Former hedge fund manager Martin Shkreli takes short position in Newegg Commerce Inc., calling it "close to worthless" despite 1,338% rally this year.

Friday, Aug 15, 2025 8:47 pm ET1min read

Former hedge fund manager Martin Shkreli has shorted Newegg Commerce Inc. after the e-commerce retailer's 1,338% surge this year. Shkreli calls Newegg "close to worthless" with 12% gross margins and believes shares would at best be worth $50 even with cost cutting. Newegg has gained over 1,500% in three months due to renewed meme stock interest and plans to sell up to $65 million in common stock.

Former hedge fund manager Martin Shkreli has taken a short position on Newegg Commerce Inc. (NASDAQ: NEGG) following the e-commerce retailer's 1,338% surge this year. Shkreli, known as "Pharma Bro" for his controversial pharmaceutical pricing practices, announced on Thursday that he had shorted the stock, dismissing it as fundamentally overvalued [1].

Shkreli, in a post on X, stated, "I shorted NEGG. It's close to worthless with 12% gross margins (in a good year). Even if the company had no costs, it would be overvalued. Unfortunately, it does cost money to run the business, but even with significant cost cutting, shares would at best be worth $50" [1].
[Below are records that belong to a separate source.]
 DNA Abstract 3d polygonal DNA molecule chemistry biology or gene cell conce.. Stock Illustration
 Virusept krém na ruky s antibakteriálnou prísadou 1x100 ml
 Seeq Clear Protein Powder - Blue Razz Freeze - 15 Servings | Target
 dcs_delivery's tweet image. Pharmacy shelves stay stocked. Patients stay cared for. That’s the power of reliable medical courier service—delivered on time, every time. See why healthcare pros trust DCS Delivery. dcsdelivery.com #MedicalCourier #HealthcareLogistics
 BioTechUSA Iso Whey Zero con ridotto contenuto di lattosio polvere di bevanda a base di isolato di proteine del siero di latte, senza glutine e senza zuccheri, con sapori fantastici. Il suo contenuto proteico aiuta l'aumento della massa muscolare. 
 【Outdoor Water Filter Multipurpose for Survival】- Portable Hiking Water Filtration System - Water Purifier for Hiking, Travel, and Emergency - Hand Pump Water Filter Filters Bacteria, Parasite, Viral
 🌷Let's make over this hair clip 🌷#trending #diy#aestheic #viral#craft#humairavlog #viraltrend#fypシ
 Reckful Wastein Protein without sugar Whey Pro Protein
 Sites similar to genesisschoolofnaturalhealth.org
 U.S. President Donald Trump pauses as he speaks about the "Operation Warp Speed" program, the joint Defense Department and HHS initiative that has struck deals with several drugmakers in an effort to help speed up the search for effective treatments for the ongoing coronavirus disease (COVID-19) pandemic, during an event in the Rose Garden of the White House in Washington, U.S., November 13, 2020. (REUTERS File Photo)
Newegg, based in Diamond Bar, California, has gained over 1,500% in three months. The surge appears to be linked to renewed meme stock interest, with 12.25% of Newegg's float currently sold short [1]. On July 15, Newegg announced plans to sell up to $65 million in common stock, further fueling investor interest with shares gaining 260% since the announcement [1].
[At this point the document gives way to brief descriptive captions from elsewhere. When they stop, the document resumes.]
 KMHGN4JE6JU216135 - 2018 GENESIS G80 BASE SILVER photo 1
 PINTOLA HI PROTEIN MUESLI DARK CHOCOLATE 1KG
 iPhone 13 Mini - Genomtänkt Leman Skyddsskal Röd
Newegg closed Thursday at $128.09, up 39.39% with after-hours trading showing $128.86. The stock trades within a 52-week range of $3.32 to $133.00, with a market capitalization of $2.50 billion and average daily volume of 1.18 million shares [1].

Technical analysis shows overbought conditions, with Newegg shares hitting 52-week highs Thursday with robust volume of 1.36 million shares, well above the 100-day average. The stock shows strong momentum with a Benzinga Edge Stock Ranking momentum score of 99.49. However, the RSI at 80.7 indicates overbought territory, suggesting potential pullback risks [1].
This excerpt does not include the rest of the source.